One of my resolutions for 2014 is to read 75 books. I accomplished this goal last year, but I also had a lot more free time (I was traveling without responsibilities for 3 months of it!) and as I’ve written before, I didn’t feel like I was reading “bravely”. In 2014 I want to read challenging books with depth, because those are usually the ones that leave an impression on me. In the spirit of this goal, I’ll be sharing my favourite books every month or so on the blog.
The Defining Decade / I watched her TED talk and immediately knew I wanted to read the book. First of all, I’m so glad I’m discovering this information about how to make the most of your twenties while I’m actually in my twenties. Her tips are straightforward and smart, and she is not afraid to challenge us twenty-somethings to push ourselves and examine our own limiting beliefs. I find myself bringing up ideas from this book in conversation with others, such as the idea of identity capital or of really mapping out a timeline of the coming years to get a true sense of how much time you have.
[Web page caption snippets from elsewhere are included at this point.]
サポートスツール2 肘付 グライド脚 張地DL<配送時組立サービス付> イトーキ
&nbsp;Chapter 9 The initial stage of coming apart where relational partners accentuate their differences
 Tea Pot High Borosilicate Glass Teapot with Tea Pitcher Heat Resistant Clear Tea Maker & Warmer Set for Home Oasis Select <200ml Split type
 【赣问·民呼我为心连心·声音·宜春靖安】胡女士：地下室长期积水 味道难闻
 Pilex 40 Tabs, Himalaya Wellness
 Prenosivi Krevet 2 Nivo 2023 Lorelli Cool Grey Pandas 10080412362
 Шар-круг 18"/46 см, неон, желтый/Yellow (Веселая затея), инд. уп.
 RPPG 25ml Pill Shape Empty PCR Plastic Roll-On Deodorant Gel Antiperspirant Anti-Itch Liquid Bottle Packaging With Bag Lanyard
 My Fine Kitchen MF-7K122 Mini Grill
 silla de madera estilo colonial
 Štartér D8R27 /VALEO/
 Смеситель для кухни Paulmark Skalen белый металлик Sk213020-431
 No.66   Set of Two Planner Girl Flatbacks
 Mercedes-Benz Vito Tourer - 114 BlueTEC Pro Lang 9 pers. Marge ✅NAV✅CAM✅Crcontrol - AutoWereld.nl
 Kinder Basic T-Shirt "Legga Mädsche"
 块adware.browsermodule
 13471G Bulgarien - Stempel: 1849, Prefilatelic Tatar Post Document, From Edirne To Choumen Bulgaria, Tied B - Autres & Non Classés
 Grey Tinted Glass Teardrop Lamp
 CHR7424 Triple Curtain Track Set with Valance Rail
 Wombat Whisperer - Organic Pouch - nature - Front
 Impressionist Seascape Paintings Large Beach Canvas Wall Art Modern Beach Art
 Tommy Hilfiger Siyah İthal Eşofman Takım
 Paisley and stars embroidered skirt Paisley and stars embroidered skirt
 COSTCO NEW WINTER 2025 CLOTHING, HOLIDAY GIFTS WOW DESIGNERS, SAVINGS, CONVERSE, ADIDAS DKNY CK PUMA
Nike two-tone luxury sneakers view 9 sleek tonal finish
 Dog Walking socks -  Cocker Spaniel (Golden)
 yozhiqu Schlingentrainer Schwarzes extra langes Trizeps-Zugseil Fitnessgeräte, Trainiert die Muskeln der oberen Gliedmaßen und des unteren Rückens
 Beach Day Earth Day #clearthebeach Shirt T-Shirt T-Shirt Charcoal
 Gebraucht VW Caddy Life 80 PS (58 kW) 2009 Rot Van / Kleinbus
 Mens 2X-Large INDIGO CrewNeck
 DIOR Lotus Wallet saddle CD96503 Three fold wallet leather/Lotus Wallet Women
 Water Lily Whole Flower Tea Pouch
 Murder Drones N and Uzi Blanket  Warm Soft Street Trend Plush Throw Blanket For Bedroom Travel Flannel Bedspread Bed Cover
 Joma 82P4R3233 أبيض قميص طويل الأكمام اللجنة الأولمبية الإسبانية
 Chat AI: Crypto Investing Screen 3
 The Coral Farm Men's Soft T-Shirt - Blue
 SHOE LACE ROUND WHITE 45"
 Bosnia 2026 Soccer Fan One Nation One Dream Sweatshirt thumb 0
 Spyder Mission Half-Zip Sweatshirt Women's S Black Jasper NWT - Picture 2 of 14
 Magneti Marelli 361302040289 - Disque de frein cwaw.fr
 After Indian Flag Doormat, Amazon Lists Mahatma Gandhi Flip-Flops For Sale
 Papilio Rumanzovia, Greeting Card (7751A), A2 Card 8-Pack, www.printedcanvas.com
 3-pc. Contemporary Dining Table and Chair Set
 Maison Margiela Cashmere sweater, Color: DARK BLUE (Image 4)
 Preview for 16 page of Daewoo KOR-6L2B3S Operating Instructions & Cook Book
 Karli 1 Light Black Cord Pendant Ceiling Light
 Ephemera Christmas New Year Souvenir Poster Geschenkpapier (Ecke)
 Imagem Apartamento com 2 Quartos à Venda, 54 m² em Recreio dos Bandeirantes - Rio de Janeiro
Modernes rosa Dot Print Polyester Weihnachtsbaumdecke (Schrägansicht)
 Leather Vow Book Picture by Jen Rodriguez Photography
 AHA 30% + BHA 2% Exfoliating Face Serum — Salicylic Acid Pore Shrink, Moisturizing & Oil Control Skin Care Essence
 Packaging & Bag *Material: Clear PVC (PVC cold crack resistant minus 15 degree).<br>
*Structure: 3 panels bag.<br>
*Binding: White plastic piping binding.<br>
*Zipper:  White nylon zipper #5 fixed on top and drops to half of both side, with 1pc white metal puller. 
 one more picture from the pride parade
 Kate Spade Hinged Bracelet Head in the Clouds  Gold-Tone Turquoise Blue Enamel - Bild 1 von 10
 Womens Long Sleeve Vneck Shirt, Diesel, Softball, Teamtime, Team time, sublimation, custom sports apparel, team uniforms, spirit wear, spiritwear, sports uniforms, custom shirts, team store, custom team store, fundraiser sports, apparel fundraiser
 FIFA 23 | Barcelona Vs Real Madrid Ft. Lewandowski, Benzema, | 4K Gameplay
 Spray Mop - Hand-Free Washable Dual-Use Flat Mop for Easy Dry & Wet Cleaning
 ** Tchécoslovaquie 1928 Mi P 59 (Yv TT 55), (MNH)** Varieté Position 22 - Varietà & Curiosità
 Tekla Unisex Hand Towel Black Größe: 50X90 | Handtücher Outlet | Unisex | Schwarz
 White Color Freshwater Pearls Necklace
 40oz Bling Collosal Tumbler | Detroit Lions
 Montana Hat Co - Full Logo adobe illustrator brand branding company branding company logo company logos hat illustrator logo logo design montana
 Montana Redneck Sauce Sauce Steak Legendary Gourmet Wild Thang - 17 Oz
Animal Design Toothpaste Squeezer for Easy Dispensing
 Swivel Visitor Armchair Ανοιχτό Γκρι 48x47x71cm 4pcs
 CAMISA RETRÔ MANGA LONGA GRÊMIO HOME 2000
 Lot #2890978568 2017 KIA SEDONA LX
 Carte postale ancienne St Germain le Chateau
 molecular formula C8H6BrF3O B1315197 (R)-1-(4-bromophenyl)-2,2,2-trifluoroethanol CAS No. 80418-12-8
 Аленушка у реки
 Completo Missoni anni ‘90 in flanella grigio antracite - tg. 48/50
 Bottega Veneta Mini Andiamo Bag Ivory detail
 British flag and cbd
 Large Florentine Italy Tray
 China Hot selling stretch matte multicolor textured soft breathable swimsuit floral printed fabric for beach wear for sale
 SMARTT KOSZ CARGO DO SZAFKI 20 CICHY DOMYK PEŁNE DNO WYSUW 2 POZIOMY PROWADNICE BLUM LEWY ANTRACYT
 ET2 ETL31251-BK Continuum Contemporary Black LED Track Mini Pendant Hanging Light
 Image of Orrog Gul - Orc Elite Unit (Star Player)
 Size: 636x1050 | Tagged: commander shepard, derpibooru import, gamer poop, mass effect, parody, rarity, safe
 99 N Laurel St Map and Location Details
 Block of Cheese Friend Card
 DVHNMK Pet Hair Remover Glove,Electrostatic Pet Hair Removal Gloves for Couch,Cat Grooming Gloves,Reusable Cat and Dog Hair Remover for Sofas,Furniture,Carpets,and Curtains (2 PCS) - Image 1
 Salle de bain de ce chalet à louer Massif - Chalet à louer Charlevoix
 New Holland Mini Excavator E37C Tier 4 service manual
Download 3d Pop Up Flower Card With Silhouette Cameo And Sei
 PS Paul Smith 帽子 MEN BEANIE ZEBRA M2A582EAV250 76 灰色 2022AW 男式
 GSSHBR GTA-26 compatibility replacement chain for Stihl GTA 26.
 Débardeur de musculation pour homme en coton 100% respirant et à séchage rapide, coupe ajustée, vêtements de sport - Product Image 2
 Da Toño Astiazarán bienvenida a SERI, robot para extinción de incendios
Sisterland / Curtis Sittenfeld is one of my favourite authors, and I’ve been looking forward to this book for a few years now. Happily, I wasn’t disappointed one bit. I think her greatest strength is being able to put into words some of the subtle feelings, situations and small details we all experience in our lives. Her ability to do that brings such a realness to her writing and makes it so much more relatable. The premise of this book involves psychic ability which sort of threw me off at first, but of course she’s so talented she can pull it off believably. I also loved this interview she did about the book.
The Remains of the Day / On the surface, it’s a simple story about a longtime English butler going on a road trip across England. This was another very subtle book: it doesn’t hit you over the head with its message, but it rings through clear as day. It’s told in the first person, which is even more interesting because the narrator is a little unreliable and his telling of the story is naturally clouded by his beliefs, judgments and misunderstandings. It’s actually quite a heartbreaking story in the end, but a beautiful novel.
David and Goliath / I absolutely adore Malcolm Gladwell’s work. He’s unafraid of controversial theories and radical ideas, and I love that his essays always challenge me to consider things differently. This book offers that the way we think about disadvantages and advantages is flawed and limited, and the way we see underdogs is often wrong as well. I zipped through this one, but it was fascinating and enjoyed talking to my family about some of its ideas.
Where’d You Go, Bernadette? / I really loved this book. It was very, very funny, often in quiet, clever ways. I liked that it explored misunderstandings and confusion and crossed wires, and that the characters were flawed but self-reflexive and smart. It was thoroughly enjoyable and just a little bit silly.